WORK REQUEST: Please give the data again in full, exactly as it reads.

##########

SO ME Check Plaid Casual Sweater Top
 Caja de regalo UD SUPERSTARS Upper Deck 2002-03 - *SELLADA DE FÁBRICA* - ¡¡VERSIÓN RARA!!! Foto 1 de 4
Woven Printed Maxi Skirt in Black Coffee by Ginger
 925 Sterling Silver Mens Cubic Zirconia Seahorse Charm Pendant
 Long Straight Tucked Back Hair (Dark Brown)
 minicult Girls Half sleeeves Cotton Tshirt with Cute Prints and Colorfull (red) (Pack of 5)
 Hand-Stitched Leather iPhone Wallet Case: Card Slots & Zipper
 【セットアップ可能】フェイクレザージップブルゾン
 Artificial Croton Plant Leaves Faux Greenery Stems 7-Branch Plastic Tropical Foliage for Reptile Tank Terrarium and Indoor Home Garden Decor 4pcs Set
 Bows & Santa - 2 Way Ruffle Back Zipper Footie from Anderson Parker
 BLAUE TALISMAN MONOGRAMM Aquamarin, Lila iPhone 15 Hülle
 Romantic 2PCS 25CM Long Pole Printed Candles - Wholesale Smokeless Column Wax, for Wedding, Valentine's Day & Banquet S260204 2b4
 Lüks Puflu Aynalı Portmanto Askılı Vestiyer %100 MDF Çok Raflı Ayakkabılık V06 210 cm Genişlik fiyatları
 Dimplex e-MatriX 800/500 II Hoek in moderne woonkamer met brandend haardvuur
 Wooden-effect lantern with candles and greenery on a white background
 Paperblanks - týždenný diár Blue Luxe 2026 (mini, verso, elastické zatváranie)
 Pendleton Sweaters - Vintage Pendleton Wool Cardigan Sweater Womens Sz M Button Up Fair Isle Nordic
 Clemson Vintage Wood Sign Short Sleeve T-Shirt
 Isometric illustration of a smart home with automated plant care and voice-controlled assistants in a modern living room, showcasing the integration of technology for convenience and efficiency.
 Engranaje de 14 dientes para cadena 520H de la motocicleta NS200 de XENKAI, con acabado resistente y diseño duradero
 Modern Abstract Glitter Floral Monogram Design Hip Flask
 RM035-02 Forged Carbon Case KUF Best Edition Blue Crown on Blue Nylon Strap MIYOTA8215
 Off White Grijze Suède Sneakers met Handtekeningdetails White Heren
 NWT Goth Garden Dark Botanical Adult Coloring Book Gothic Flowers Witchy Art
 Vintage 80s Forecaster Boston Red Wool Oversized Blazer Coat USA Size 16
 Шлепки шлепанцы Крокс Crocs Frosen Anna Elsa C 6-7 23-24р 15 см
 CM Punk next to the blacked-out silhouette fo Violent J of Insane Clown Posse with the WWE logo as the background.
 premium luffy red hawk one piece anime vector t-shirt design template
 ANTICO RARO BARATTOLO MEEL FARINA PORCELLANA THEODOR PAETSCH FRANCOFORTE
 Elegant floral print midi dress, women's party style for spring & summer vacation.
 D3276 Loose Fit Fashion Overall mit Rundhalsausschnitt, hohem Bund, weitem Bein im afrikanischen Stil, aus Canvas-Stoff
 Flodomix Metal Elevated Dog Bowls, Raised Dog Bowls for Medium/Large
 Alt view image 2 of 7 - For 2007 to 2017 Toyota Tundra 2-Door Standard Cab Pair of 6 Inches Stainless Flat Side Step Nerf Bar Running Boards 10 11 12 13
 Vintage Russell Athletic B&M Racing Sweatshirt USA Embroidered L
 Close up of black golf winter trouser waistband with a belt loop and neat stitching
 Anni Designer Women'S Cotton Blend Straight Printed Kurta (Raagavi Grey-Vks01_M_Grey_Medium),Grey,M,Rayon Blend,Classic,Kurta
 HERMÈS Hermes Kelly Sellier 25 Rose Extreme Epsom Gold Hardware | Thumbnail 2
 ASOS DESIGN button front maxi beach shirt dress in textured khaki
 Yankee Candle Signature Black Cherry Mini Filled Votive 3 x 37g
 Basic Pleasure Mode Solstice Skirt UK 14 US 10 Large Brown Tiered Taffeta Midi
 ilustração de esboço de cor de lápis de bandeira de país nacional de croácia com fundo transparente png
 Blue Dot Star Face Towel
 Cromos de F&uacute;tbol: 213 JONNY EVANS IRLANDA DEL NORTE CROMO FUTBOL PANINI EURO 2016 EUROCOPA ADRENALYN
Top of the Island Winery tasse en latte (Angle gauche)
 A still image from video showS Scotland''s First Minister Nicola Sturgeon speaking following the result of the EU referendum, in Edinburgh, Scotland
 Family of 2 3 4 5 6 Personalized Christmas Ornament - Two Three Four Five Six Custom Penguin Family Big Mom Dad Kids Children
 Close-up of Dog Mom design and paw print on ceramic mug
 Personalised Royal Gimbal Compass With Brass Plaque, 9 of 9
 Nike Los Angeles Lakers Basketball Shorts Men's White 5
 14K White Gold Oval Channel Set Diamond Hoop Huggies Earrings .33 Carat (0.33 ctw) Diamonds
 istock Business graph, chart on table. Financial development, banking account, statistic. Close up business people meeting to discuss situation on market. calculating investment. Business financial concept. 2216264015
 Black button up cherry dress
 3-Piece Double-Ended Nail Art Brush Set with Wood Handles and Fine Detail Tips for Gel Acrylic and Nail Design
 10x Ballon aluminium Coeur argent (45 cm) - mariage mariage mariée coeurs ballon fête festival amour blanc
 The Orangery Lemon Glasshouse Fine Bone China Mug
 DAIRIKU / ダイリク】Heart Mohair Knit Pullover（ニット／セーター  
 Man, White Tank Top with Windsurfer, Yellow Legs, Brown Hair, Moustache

##########

OUTPUT FOR THIS EXERCISE:
SO ME Check Plaid Casual Sweater Top
 Caja de regalo UD SUPERSTARS Upper Deck 2002-03 - *SELLADA DE FÁBRICA* - ¡¡VERSIÓN RARA!!! Foto 1 de 4
Woven Printed Maxi Skirt in Black Coffee by Ginger
 925 Sterling Silver Mens Cubic Zirconia Seahorse Charm Pendant
 Long Straight Tucked Back Hair (Dark Brown)
 minicult Girls Half sleeeves Cotton Tshirt with Cute Prints and Colorfull (red) (Pack of 5)
 Hand-Stitched Leather iPhone Wallet Case: Card Slots & Zipper
 【セットアップ可能】フェイクレザージップブルゾン
 Artificial Croton Plant Leaves Faux Greenery Stems 7-Branch Plastic Tropical Foliage for Reptile Tank Terrarium and Indoor Home Garden Decor 4pcs Set
 Bows & Santa - 2 Way Ruffle Back Zipper Footie from Anderson Parker
 BLAUE TALISMAN MONOGRAMM Aquamarin, Lila iPhone 15 Hülle
 Romantic 2PCS 25CM Long Pole Printed Candles - Wholesale Smokeless Column Wax, for Wedding, Valentine's Day & Banquet S260204 2b4
 Lüks Puflu Aynalı Portmanto Askılı Vestiyer %100 MDF Çok Raflı Ayakkabılık V06 210 cm Genişlik fiyatları
 Dimplex e-MatriX 800/500 II Hoek in moderne woonkamer met brandend haardvuur
 Wooden-effect lantern with candles and greenery on a white background
 Paperblanks - týždenný diár Blue Luxe 2026 (mini, verso, elastické zatváranie)
 Pendleton Sweaters - Vintage Pendleton Wool Cardigan Sweater Womens Sz M Button Up Fair Isle Nordic
 Clemson Vintage Wood Sign Short Sleeve T-Shirt
 Isometric illustration of a smart home with automated plant care and voice-controlled assistants in a modern living room, showcasing the integration of technology for convenience and efficiency.
 Engranaje de 14 dientes para cadena 520H de la motocicleta NS200 de XENKAI, con acabado resistente y diseño duradero
 Modern Abstract Glitter Floral Monogram Design Hip Flask
 RM035-02 Forged Carbon Case KUF Best Edition Blue Crown on Blue Nylon Strap MIYOTA8215
 Off White Grijze Suède Sneakers met Handtekeningdetails White Heren
 NWT Goth Garden Dark Botanical Adult Coloring Book Gothic Flowers Witchy Art
 Vintage 80s Forecaster Boston Red Wool Oversized Blazer Coat USA Size 16
 Шлепки шлепанцы Крокс Crocs Frosen Anna Elsa C 6-7 23-24р 15 см
 CM Punk next to the blacked-out silhouette fo Violent J of Insane Clown Posse with the WWE logo as the background.
 premium luffy red hawk one piece anime vector t-shirt design template
 ANTICO RARO BARATTOLO MEEL FARINA PORCELLANA THEODOR PAETSCH FRANCOFORTE
 Elegant floral print midi dress, women's party style for spring & summer vacation.
 D3276 Loose Fit Fashion Overall mit Rundhalsausschnitt, hohem Bund, weitem Bein im afrikanischen Stil, aus Canvas-Stoff
 Flodomix Metal Elevated Dog Bowls, Raised Dog Bowls for Medium/Large
 Alt view image 2 of 7 - For 2007 to 2017 Toyota Tundra 2-Door Standard Cab Pair of 6 Inches Stainless Flat Side Step Nerf Bar Running Boards 10 11 12 13
 Vintage Russell Athletic B&M Racing Sweatshirt USA Embroidered L
 Close up of black golf winter trouser waistband with a belt loop and neat stitching
 Anni Designer Women'S Cotton Blend Straight Printed Kurta (Raagavi Grey-Vks01_M_Grey_Medium),Grey,M,Rayon Blend,Classic,Kurta
 HERMÈS Hermes Kelly Sellier 25 Rose Extreme Epsom Gold Hardware | Thumbnail 2
 ASOS DESIGN button front maxi beach shirt dress in textured khaki
 Yankee Candle Signature Black Cherry Mini Filled Votive 3 x 37g
 Basic Pleasure Mode Solstice Skirt UK 14 US 10 Large Brown Tiered Taffeta Midi
 ilustração de esboço de cor de lápis de bandeira de país nacional de croácia com fundo transparente png
 Blue Dot Star Face Towel
 Cromos de F&uacute;tbol: 213 JONNY EVANS IRLANDA DEL NORTE CROMO FUTBOL PANINI EURO 2016 EUROCOPA ADRENALYN
Top of the Island Winery tasse en latte (Angle gauche)
 A still image from video showS Scotland''s First Minister Nicola Sturgeon speaking following the result of the EU referendum, in Edinburgh, Scotland
 Family of 2 3 4 5 6 Personalized Christmas Ornament - Two Three Four Five Six Custom Penguin Family Big Mom Dad Kids Children
 Close-up of Dog Mom design and paw print on ceramic mug
 Personalised Royal Gimbal Compass With Brass Plaque, 9 of 9
 Nike Los Angeles Lakers Basketball Shorts Men's White 5
 14K White Gold Oval Channel Set Diamond Hoop Huggies Earrings .33 Carat (0.33 ctw) Diamonds
 istock Business graph, chart on table. Financial development, banking account, statistic. Close up business people meeting to discuss situation on market. calculating investment. Business financial concept. 2216264015
 Black button up cherry dress
 3-Piece Double-Ended Nail Art Brush Set with Wood Handles and Fine Detail Tips for Gel Acrylic and Nail Design
 10x Ballon aluminium Coeur argent (45 cm) - mariage mariage mariée coeurs ballon fête festival amour blanc
 The Orangery Lemon Glasshouse Fine Bone China Mug
 DAIRIKU / ダイリク】Heart Mohair Knit Pullover（ニット／セーター  
 Man, White Tank Top with Windsurfer, Yellow Legs, Brown Hair, Moustache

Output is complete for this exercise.